HISTORIEK  HISTOIRE HISTORIC

 

                         Bearings Straight (II)

 

Early Sailing Charts


As predecessors go, portolan charts are an impressive lot. In addition to having held the mathematically superior Mercator projection at bay for a century or two after its initial presentation in 1569, they attract a far greater following among map historians, who recognize them as a distinct cartographic genre. And as this chapter observes, portolan charts not only taught mariners to rely on sailing charts but also left a legacy of geographic detail for later mapmakers.

It’s easy to treat portolan charts as both enigma and innovation. They appeared suddenly in the late thirteenth century with crisscrossed rhumb lines and abundant place names, all in sharp contrast to the prevailing religious cartography typified by small, sparse, eastup world maps centered on Jerusalem. Unlike the medieval mappae mundi, which were largely inspirational, portolan charts were practical tools for crossing open waters. And unlike the well-documented publication of Gerard Mercator’s world map, the murky origin of the portolan charts has invited much speculation, not likely to be resolved, about whether Italians or Catalan Spaniards crafted the ultimate prototype, which historians have yet to find.

In their handbook of cartographic innovations, map historians Helen Wallis and Arthur Robinson list four key characteristics of portolan charts.
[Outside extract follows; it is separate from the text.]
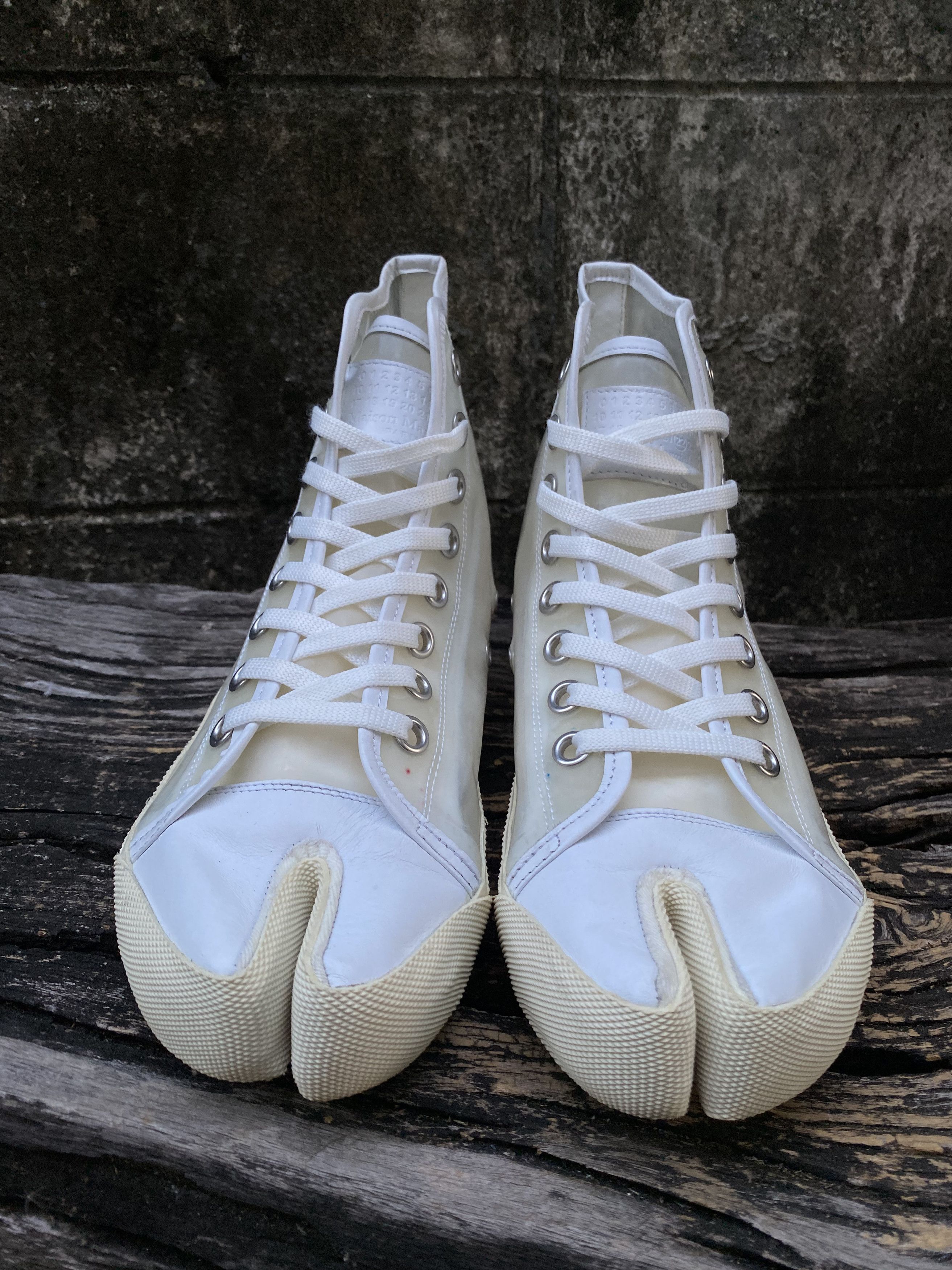 Maison Margiela Maison Margiela Tabi Transparent Hi Top Sneakers 39 Size US 9 / IT 39 - 3 Thumbnail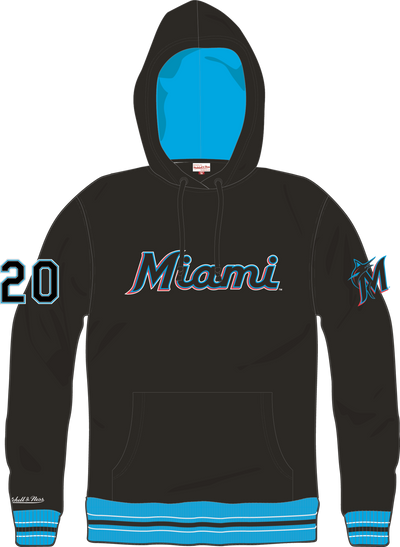 Mitchell & Ness Miguel Cabrera Miami Marlins Black Player Fleece Hoodie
Foremost is the web of intersecting rhumb lines, typically originating on the circumference of a circle, around which sixteen equally spaced points represent the eight principal wind directions (N,NE,E,SE,S,SW,W,and NW) and the eight half-winds (NNE,ENE, ESE,... ) of the mariner’s compass (fig. 2.1). On most charts the circle is readily apparent in the points at which rhumb lines converge like spokes in a wheel. Look closely at the portolan chart in figure 2.2, which covers the western Mediterranean, and you’ll see traces of a large circle centered at the middle of the chart and touching the top and bottom edges. Rhumb lines also converge at the circle’s center, and at the lower right, over North Africa, one of the sixteen intersection points on its perimeter serves as a compass rose. On some oblong portolan charts, like the example in figure 2.3, adjacent circles cover eastern and western parts of the map.

              

                

Closer inspection of the chart in figure 2.2 reveals a second distinguishing trait: an abundance of closely spaced, hand-lettered place names perpendicular to the shoreline and always inland, to avoid conflict with coastal details. Additional labels over water identify small islands. Because chartmakers inked in these names one after the other in a continuous coastwise sequence, labels appear inverted where the shoreline reverses direction. A third characteristic is color-coded names and directions. More important places, labeled in red, stand out from less significant neighbors, lettered in black. Color also reduces confusion among rhumb  lines, inked in black or brown for the eight principal winds, in green for the eight half-winds, and in red for the sixteen interspersed quarter-winds. The fourth trait is a functional generalization that rounds minor coastal irregularities, overstates bays and headlands, and uses crosses and dots to point out rocks and shoals. Except for lavishly decorated versions intended for royal collectors, portolan charts showed what mariners needed to know and not much else.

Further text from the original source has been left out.